/---

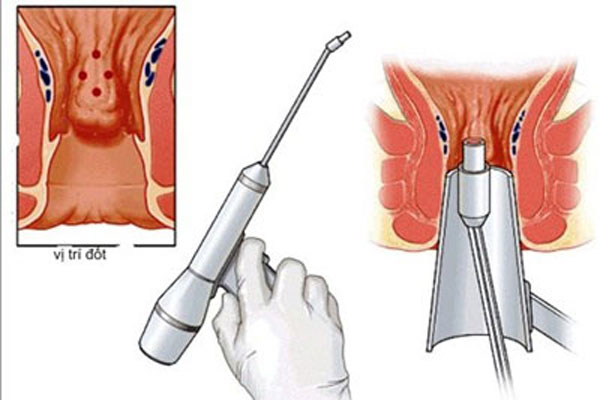 Cách điều trị trĩ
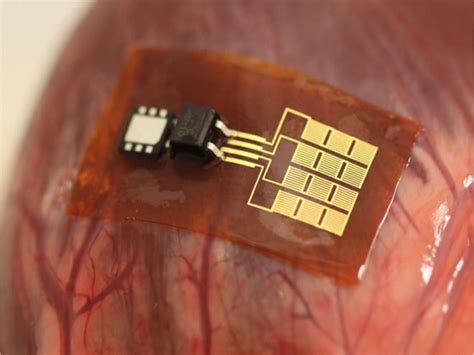 New Nanoribbon Implant Powers Pacemakers With Heartbeats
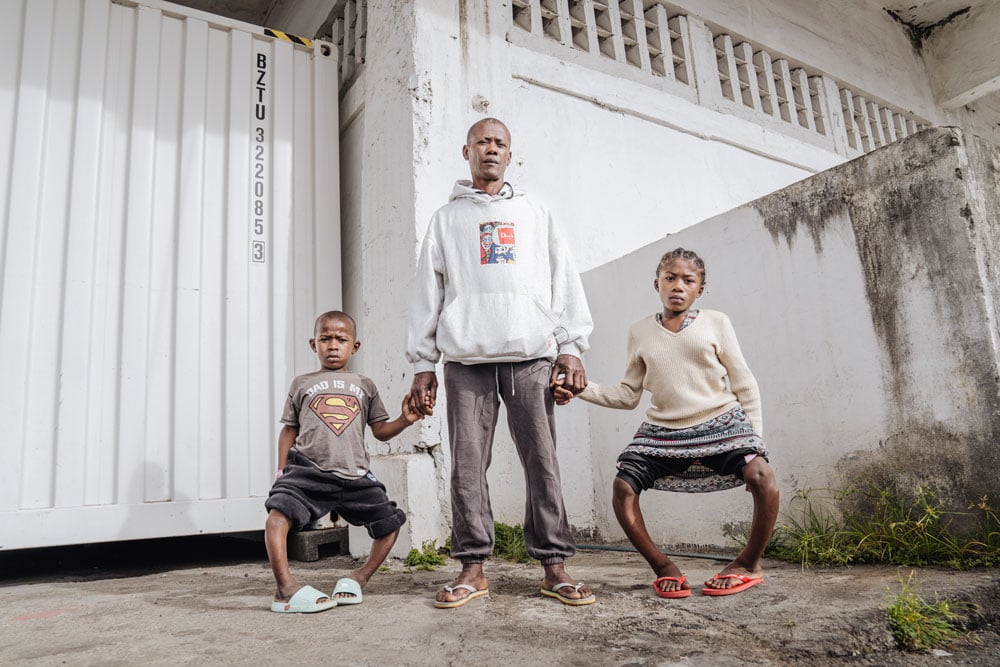 Arla and Elidiot's father asked that a photo be taken of the two before and after surgery, showing just how far his children had come.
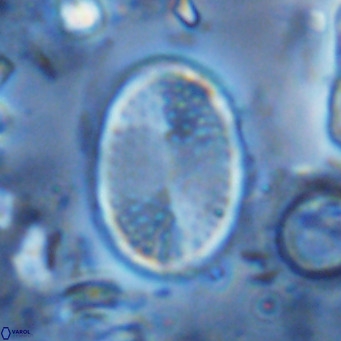 Pontosphaera discopora VR 07940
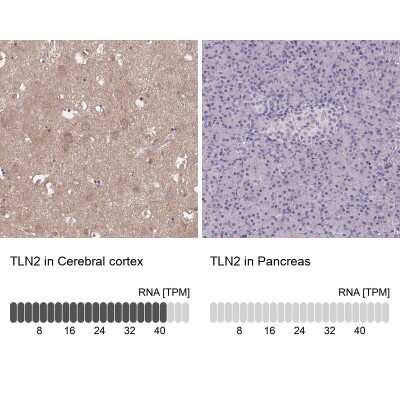 Immunohistochemistry-Paraffin: Talin2 Antibody [NBP2-62623]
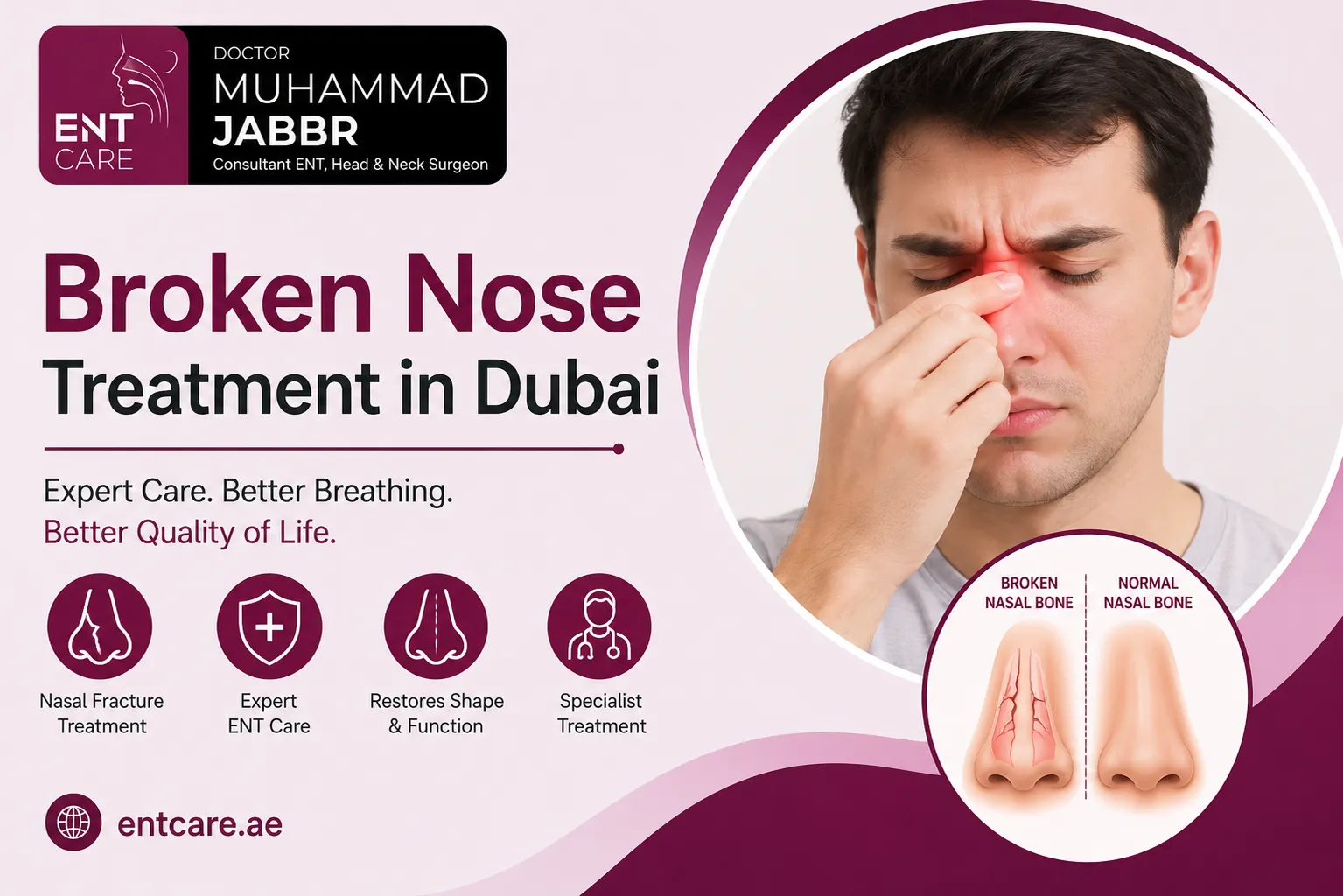 Nasal Fracture (Broken Nose) Treatment in Dubai by Dr Muhammad Jabbr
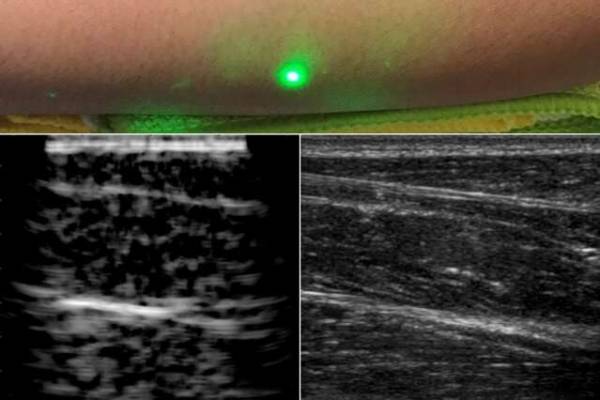 Researchers produce first laser ultrasound images of humans Researchers produce first laser ultrasound images of humans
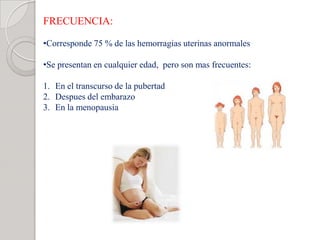 FRECUENCIA:
•Corresponde 75 % de las hemorragias uterinas anormales
•Se presentan en cualquier edad, pero son mas frecuentes:
1. En el transcurso de la pubertad
2. Despues del embarazo
3. En la menopausia
 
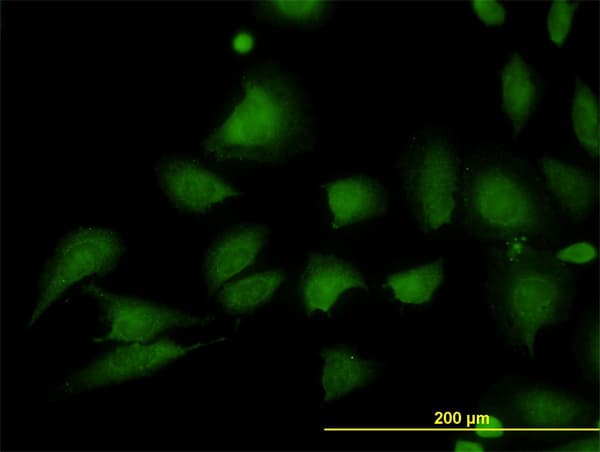 IHC-plus™ Monoclonal Mouse anti-Human GOK / STIM1 Antibody (clone 5A2, IHC, IF, WB)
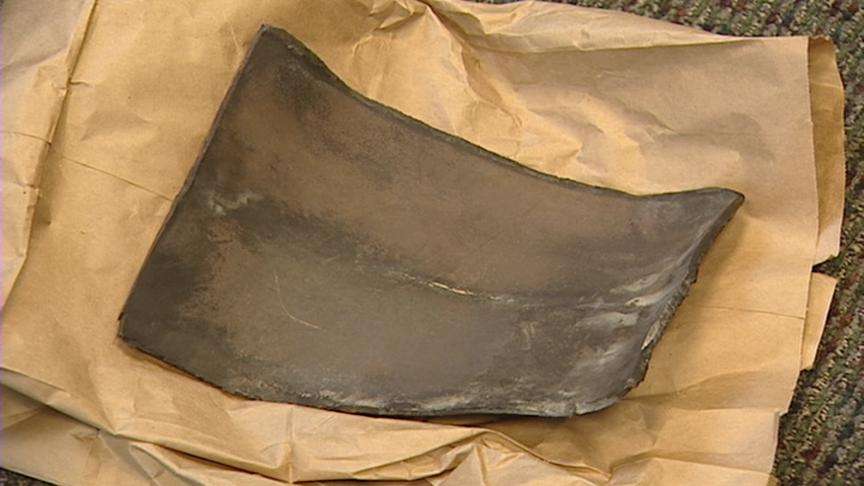 Doctors positive about saving leg of boy injured in blast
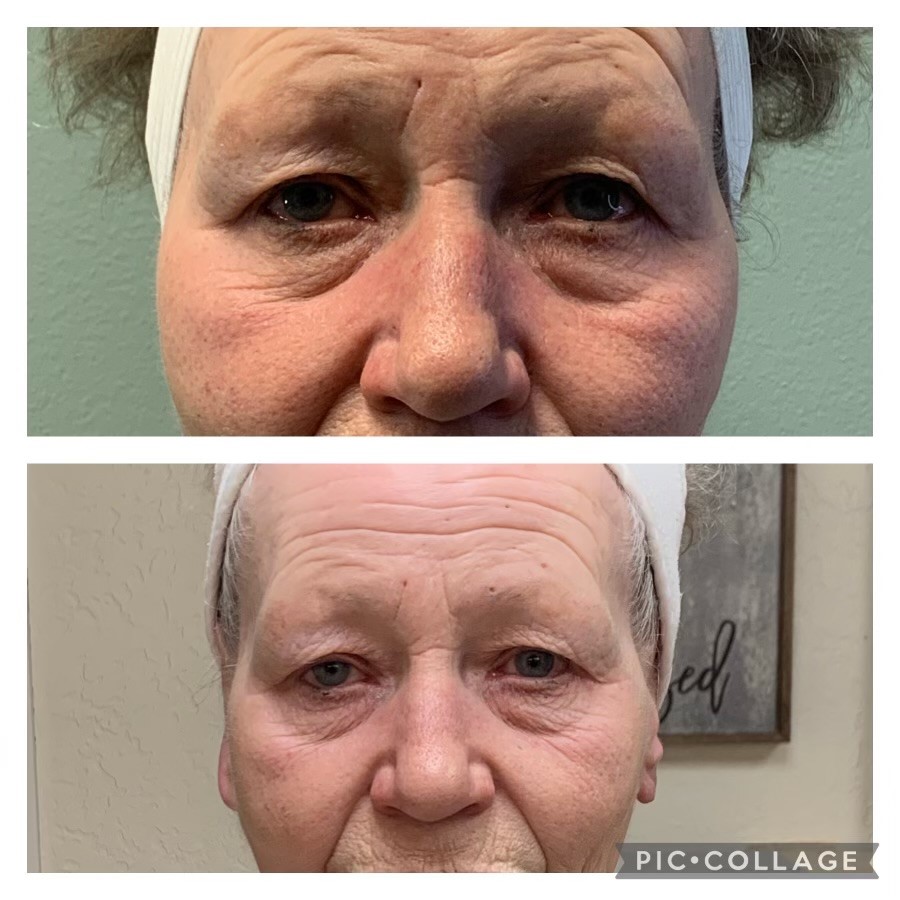 Before And After Plasma Skin Tightening 2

\---

Brief:
Write out all of the records above. Keep them exact and leave out the pictures.

Exercise answer:
 Cách điều trị trĩ
 New Nanoribbon Implant Powers Pacemakers With Heartbeats
 Arla and Elidiot's father asked that a photo be taken of the two before and after surgery, showing just how far his children had come.
 Pontosphaera discopora VR 07940
 Immunohistochemistry-Paraffin: Talin2 Antibody [NBP2-62623]
 Nasal Fracture (Broken Nose) Treatment in Dubai by Dr Muhammad Jabbr
 Researchers produce first laser ultrasound images of humans Researchers produce first laser ultrasound images of humans
 FRECUENCIA:
•Corresponde 75 % de las hemorragias uterinas anormales
•Se presentan en cualquier edad, pero son mas frecuentes:
1. En el transcurso de la pubertad
2. Despues del embarazo
3. En la menopausia
 
 IHC-plus™ Monoclonal Mouse anti-Human GOK / STIM1 Antibody (clone 5A2, IHC, IF, WB)
 Doctors positive about saving leg of boy injured in blast
 Before And After Plasma Skin Tightening 2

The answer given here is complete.